# Puzzle of the Week for 4 January 1999: Hints

One of the most useful techniques for discovering patterns in sequences is the successive difference method. For example, suppose that we need to get the next term in the sequence:

1, 37, 62, 78, 87, 91, ...
The successive difference method involves subtracting each term from its successor to make a new sequence. In this example, we subtract 1 from 37, 37 from 62, 62 from 78, etc., to get sequence 2:
36, 25, 16, 9, 4, ...
We might recognize this sequence already, but what if we don't? In this case, we can try the successive difference method on sequence 2; we subtract 36 from 25, 25 from 16, etc., to get sequence 3:
-11, -9, -7, -5, ...
(If you don't recognize sequence 3, try the successive difference method one more time -- you can't miss in this case!)
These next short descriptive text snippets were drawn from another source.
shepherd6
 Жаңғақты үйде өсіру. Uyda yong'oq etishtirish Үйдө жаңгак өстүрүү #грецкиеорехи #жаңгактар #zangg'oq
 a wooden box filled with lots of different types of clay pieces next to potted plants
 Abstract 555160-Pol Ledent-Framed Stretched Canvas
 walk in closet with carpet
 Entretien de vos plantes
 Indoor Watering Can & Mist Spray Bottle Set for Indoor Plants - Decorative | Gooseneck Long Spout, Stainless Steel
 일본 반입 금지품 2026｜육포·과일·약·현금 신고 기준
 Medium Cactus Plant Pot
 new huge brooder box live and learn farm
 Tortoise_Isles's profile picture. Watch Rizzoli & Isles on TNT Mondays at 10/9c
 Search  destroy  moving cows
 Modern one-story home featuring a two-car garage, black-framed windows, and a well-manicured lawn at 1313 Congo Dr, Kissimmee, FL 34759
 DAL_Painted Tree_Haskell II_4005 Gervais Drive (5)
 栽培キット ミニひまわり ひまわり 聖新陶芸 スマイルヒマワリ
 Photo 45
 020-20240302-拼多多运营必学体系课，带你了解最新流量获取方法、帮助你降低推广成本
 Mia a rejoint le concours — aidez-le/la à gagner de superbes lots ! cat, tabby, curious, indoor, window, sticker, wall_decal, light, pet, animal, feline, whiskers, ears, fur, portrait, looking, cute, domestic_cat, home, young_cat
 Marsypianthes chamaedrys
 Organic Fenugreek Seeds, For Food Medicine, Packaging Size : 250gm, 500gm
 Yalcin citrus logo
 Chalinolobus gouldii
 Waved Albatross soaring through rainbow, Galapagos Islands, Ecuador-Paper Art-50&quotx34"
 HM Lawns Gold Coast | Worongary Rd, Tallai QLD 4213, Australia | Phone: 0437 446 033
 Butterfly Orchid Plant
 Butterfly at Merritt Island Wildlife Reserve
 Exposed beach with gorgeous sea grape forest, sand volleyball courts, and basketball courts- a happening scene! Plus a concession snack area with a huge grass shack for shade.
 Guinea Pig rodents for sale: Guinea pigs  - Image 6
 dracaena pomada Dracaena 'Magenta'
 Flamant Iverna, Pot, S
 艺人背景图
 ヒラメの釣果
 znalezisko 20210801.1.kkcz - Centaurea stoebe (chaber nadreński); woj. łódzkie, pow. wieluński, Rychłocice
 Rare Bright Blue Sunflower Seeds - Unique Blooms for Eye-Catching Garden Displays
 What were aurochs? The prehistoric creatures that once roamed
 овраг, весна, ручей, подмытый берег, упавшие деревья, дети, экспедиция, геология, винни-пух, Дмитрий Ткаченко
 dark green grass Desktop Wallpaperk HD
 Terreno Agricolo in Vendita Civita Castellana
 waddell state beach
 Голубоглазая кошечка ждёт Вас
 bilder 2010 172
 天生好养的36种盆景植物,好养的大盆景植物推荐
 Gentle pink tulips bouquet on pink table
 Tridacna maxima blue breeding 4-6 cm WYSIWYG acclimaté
Now that we have a sequence that we recognize, we can work backwards. The next term in sequence 3 should be -3. We add this to the last term in sequence 2 to get its next term: 4 + (-3) = 1. Now that we have the next term for sequence 2, we add it to the last term of the original sequence to get the next term of that sequence: 91 + 1 = 92.

The successive difference method works very well for many problems of this type, though not for all of them (as you will discover if you try it on the three sequences in this puzzle).